New NVIDIA, ATI driver backports for 2007 Spring

okay, so we're all about the shiny new 2008, but I know there's those of you out there who are perfectly happy with 2007 Spring thankyouverymuch and won't be upgrading till it goes out of maintenance. So if you're in this group but you'd like the latest proprietary NVIDIA or ATI driver for your card, never fear - Anssi Hannula has come to your rescue. He's backported the NVIDIA 100.14.19 and ATI 8.40.4 driver versions to 2007 Spring, in the /non-free/backports repository (yeah, see, and you thought we were never gonna use it ;>). You'll find ati, dkms-ati, ati-control-center, nvidia97xx and dkms-nvidia97xx packages there. I have also backported the latest ATI and NVIDIA device IDs in ldetect-lst and released ldetect-lst- to /main/backports , so if you install that package too, NVIDIA and ATI cards released since 2007 Spring came out will be automatically detected and configured to use the new drivers by the Mandriva graphics card configuration tool.

2008 One GNOME out

Okay, so those of you who kept on bugging me about the GNOME version of 2008 One can stop now, it's out! Grab the torrent or find the ISO on the public mirrors.

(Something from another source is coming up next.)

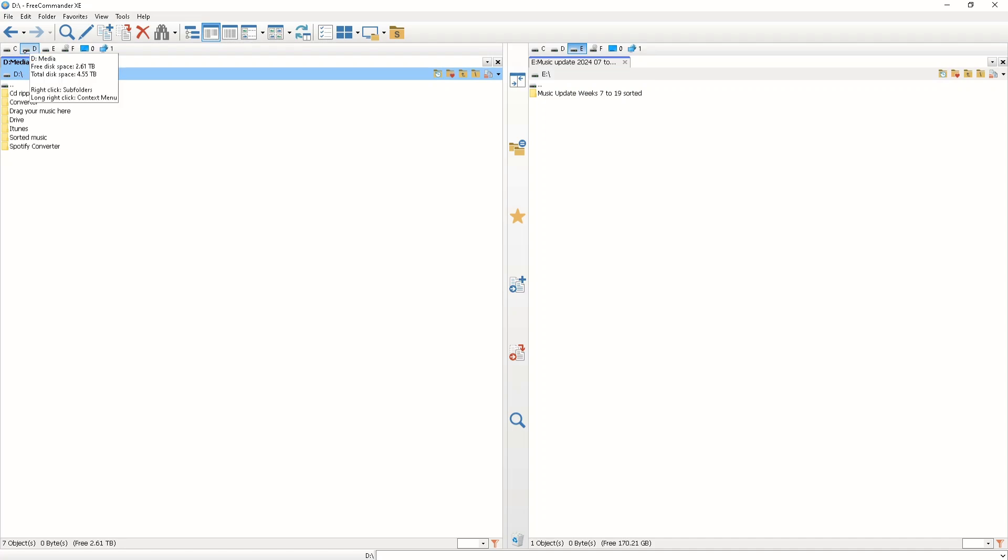Check space for each drive by selecting a drive letter to see its total and free space at the top. The free space for the selected drive is also shown at the bottom of the screen.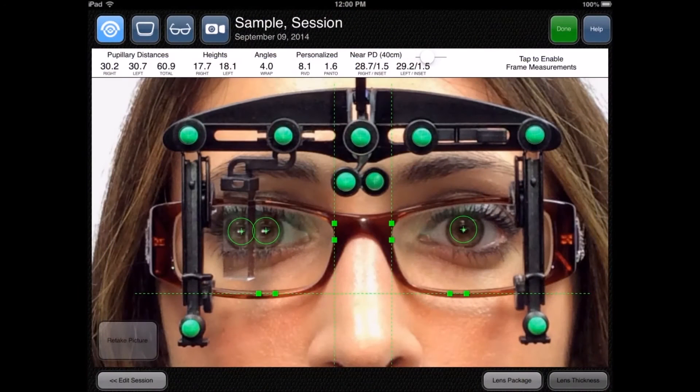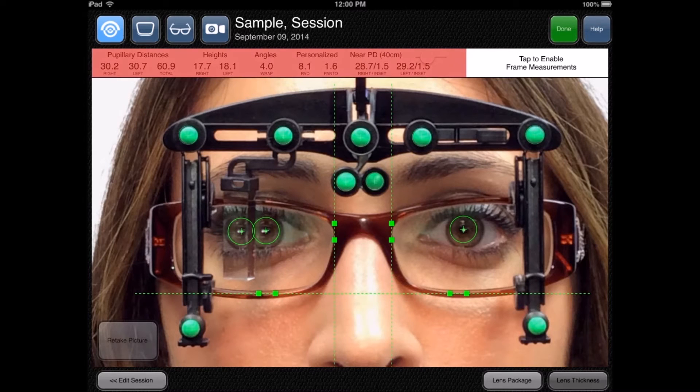Once a proper picture is taken, the measurement picture is displayed. Now you have all of the measurements needed to order your lenses.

Updated both my mail and web server VMs to 2008 today. Went very smoothly in both cases, via urpmi. Everything seems to be working well so far.

Webkit in Mandriva 2008

Just a followup to my posts from a few months back about GTK+ WebKit stuff. I haven't actually checked in the other major distros, but I believe Mandriva 2008 may actually be the first to ship a Webkit-based GTK+ browser. It includes Midori 0.0.6, built against SVN revision 25144 of WebKit (WebKitGdk as the GTK+ port was called at release time, WebKitGtk as it's called now) - not the gtk-webcore port I was initially packaging, as that seems to have mostly fallen by the wayside now. Pascal Terjan has stepped up to package this incarnation of GTK+ WebKit and keep midori up to date, so thanks to him. As I wrote a few months back, Midori is missing a lot of the features you'd expect of a real mature browser application, but as far as just rendering normal web content goes, it's pretty advanced already, as you'd expect since WebKit is a mature toolkit. It's fun to play with. So if you're running 2008 and want to look at the future of GTK+ web browsing, set up your contrib repository and install the midori package.

On a side note, this site will be down for a bit - I'm upgrading the machine that runs its VM to 2008.

Edit: okay, the VM host machine is updated to 2008 and now running VMware Server (rather than Player as before) - damn nice piece of software, I must say. Tomorrow I will tackle updating the mail and web server VMs themselves to 2008, so expect more downtime. This upgrade went nice and smooth once I swapped out the DVD drive in the machine for one that actually works. Moral of the story - never buy a Lite-ON DVD drive. I've bought three and they've all died within 18 months.

Public Service Announcement: NOKEY errors final

A final message on the NOKEY issue: all mirrors in the official list are now okay with the sole exception of Any other mirror proposed by the Mandriva repository configuration tools should now be okay. As mentioned in the previous message, if you have already set up your repositories and are encountering the NOKEY issue, you will need to either run 'urpmi.update -a --force-key' as root or remove and re-add your repositories to stop the errors from showing up in future. Once again, we're sorry for this inconvenience.